HMRC have issued an update to their guidance on repayments of corporation tax. They have now acknowledged that, in exceptional circumstances, claims for repayments of corporation tax for prior periods based on anticipated losses before the current accounting period has concluded will be considered.
Angela Clegg, technical manager in the ICAEW tax faculty, which had raised the issue with HMRC, said:
‘The changes to the guidance are helpful and it will be interesting to see how this translates into practice.
‘It will involve a careful balance between getting cash to affected businesses in a reasonable timeframe and appropriate due diligence by HMRC.’
ICAEW representations pointed out that although it was clear that the quarterly instalment payments (QIPs) regime allowed for repayment of excessive instalments in the current accounting period, the position in respect of excessive QIPs paid in respect of the prior period (where the current period had not concluded) was less certain.
Updated HMRC guidance on repayments of corporation tax addresses this concern.
Companies will have to provide evidence to substantiate claims and support the quantum of any losses expected to accumulate. They will need to demonstrate that the losses are so substantial that they will comfortably shelter any income of the current period. Also that the taxable profits of the prior period relevant to the claim.
However, the guidance states: ‘it will be extremely difficult for a company to provide adequate evidence during the earlier part of its accounting period.
This is because when the date of the claim is further into the accounting period, there is less reliance on forecasts and the smaller the chance of any upturn or recovery of losses.
The guidance further assures to examine all claims for anticipated losses critically and in full. In addition, the required evidence to validate such a claim should be viewed strictly.
HMRC has provided similar guidance regarding repayments of corporation tax made on the normal due date for payment. The normal due date usually is nine months and one day after the accounting period ends.

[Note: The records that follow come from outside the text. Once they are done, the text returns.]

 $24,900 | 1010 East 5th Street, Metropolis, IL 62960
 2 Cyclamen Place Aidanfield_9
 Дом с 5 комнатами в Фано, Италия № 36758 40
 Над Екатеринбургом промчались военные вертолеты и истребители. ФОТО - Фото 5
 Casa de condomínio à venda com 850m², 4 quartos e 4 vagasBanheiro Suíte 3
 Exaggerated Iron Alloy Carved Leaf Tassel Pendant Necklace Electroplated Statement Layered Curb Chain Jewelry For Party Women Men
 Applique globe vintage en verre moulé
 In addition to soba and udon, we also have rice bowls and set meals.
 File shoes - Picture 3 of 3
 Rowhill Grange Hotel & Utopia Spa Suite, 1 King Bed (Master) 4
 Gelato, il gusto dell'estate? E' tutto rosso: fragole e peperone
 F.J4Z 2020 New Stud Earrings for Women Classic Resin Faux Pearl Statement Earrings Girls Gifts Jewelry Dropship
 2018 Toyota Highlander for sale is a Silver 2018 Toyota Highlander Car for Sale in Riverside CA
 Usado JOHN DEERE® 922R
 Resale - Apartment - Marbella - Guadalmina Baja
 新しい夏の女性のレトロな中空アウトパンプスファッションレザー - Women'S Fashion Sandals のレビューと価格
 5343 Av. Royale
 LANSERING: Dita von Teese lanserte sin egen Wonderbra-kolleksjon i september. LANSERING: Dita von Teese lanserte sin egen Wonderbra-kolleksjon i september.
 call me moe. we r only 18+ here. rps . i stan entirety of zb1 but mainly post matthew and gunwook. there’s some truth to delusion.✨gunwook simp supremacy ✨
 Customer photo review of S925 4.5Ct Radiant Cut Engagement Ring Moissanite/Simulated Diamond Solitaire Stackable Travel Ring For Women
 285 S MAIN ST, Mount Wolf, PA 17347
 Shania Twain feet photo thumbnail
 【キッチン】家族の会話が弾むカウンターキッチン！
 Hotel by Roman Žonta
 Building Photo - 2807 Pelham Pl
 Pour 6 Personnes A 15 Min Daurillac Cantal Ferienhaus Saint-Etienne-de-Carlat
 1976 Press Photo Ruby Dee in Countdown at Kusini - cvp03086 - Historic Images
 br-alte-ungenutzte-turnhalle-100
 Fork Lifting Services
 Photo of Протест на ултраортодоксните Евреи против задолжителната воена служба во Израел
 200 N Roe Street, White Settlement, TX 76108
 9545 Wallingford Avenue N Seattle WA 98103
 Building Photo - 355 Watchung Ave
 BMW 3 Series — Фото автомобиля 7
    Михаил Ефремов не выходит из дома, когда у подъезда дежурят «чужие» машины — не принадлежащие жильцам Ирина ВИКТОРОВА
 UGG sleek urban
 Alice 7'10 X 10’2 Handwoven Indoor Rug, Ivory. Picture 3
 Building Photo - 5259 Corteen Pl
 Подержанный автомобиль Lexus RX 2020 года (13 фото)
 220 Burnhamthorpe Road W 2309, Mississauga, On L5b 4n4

Similar principles apply whereby a company can make a loss-carry-back claim based on an anticipated loss in the current accounting period which has not concluded, subject to a high evidence requirement.
ICAEW says it is clear that HMRC will review each case on the basis of its own facts and circumstances. Although, there will not be any hard and fast rules. However, the more information that claimants can provide to substantiate the losses, the better.
This could include revised profit and loss forecasts; management accounts and draft tax computations; detailed reasoning and assumptions behind any figures submitted; and reports from the board and any public statements made concerning the company’s trading position.